De plus, les bénéfices réalisés par les entreprises du CAC 40 ont atteint un montant record en 2021, à près de 160 milliards d’euros en augmentation de 82,9% par rapport 2019, avant la crise sanitaire. Le projet de taxation des superprofits a précisément vocation à lutter contre les dérives économiques qu’engendre cette accumulation indue de bénéfices qui débouchaient sur un record de dividendes à 57,5 milliards d’euros. La politique économique de la nation ne peut fonctionner quand le capital se rémunère au détriment des travailleurs, des investissements, tout en supprimant 17 000 emplois sur une année. La croissance doit bénéficier à celles et ceux qui la font tout comme aux contribuables pour que la citoyenneté ne soit pas entachée d’une déconnexion fondée sur l’injustice fiscale et la perte de sens dans un projet économique partagé.
Face à l’évidence de l’arbitraire de la décision, il est temps de s’interroger sur la légitimité de cette institution à s’ingérer dans un débat politique majeur qui de toute évidence ne met pas en cause les principes fondamentaux de la République sauf à penser que la préservation des profits fait partie de ces derniers.

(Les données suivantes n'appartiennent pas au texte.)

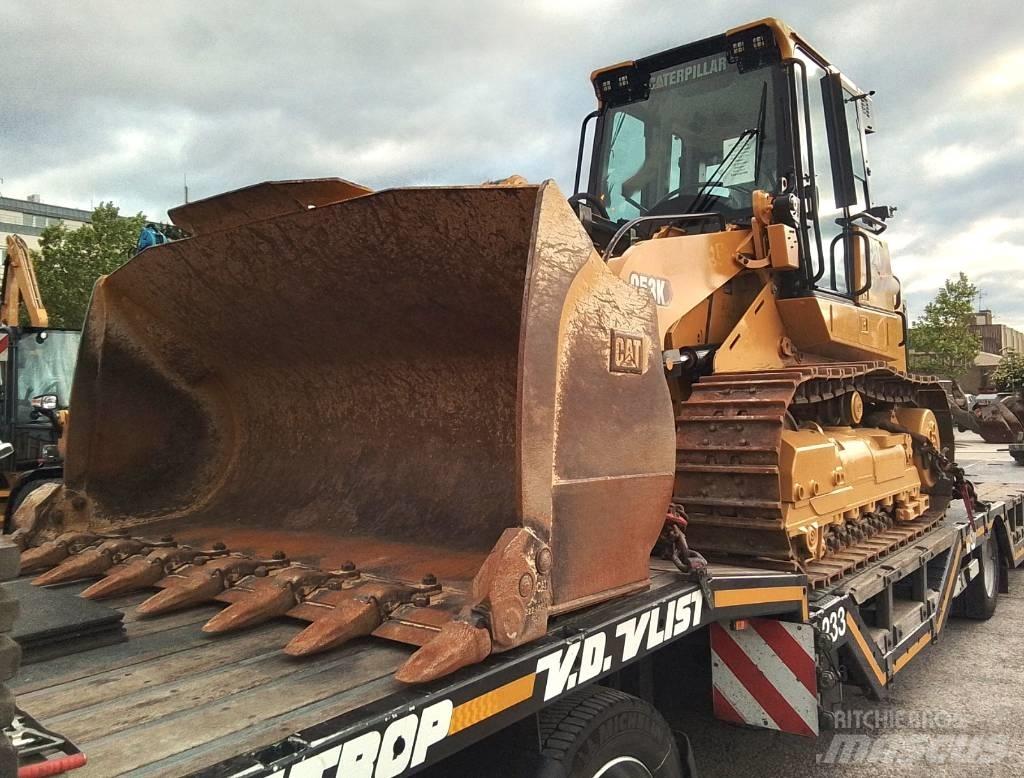 CAT 953K Верижен товарач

Après le coup de force que constitue l’arrêt prématuré des discussions budgétaires à l’Assemblée nationale via l’article 49 alinéa 3 de la Constitution, les sénatrices et les sénateurs du groupe CRCE continueront de porter la taxation des profits lors de l’examen au Sénat du projet de loi de finances pour 2023. Plus largement, ils seront disponibles et à l’initiative pour poursuivre ce combat de justice fiscale.